Tue, 20 Oct 2015
ANALYSIS - For years, livestock farmers have used manure as a fertilizer, soil amendment, energy source and even construction material.
With today’s science and technology, we can use manure more efficiently and in new ways like protecting water and air quality and reducing greenhouse gases. When managed improperly, manure can harm the environment. But when properly managed, it can serve as a valuable, renewable resource.
Utilizing manure to meet crop nutrient needs is beneficial for many reasons, according to Laura Pepple, Livestock Extension Specialist with the University of Illinois Extension Service in an online presentation.
Beyond supplying a crop with its Nitrogen (N), Phosphorus (P), and Potassium (K) needs, manure improves soil quality through better water use and increased organic matter and micronutrients.
“This makes manure an ideal soil amendment for fields with low to moderate soil fertility,” said Pepple. “When manure is applied to fields at appropriate agronomic rates, it will also act like field residue and reduce the risk of soil erosion occurring in that field.“
The following manure information details the beneficial uses and importance of manure and demonstrates the ways it can benefit the economy while also being managed in ways which protect the environment. It was created by several US commodity groups in partnership with the US Environmental Protection Agency.
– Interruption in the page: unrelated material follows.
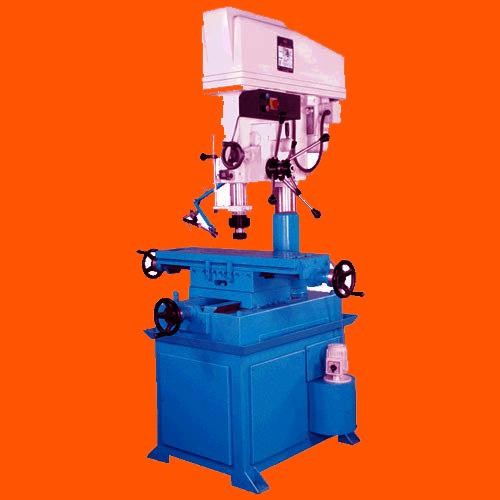 Md38ba milling cum drilling machines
Manure contains nitrogen, phosphorus, and other nutrients that plants need to grow. Farmers can often save money by properly using manure as a fertilizer. Farmers can also sell manure or manure products to gardeners, landscapers, golf courses, and others who use nutrients to grow plants. Manure can be land-applied in its raw form, or after processing (for example, composting, pelleting, nutrient extraction).
Just like other fertilizer sources, as long as the manure is applied from the right source, at the right rate and time, using the right methods, and in the right place, manure nutrients can be recycled safely through agricultural systems. Land application of manure should be guided by a nutrient management plan (NMP) that outlines how to balance crop needs with manure nutrient concentrations. The NMP includes specifications for manure application based on soil and geographical conditions in order to avoid over-application, prevent runoff, and protect water quality.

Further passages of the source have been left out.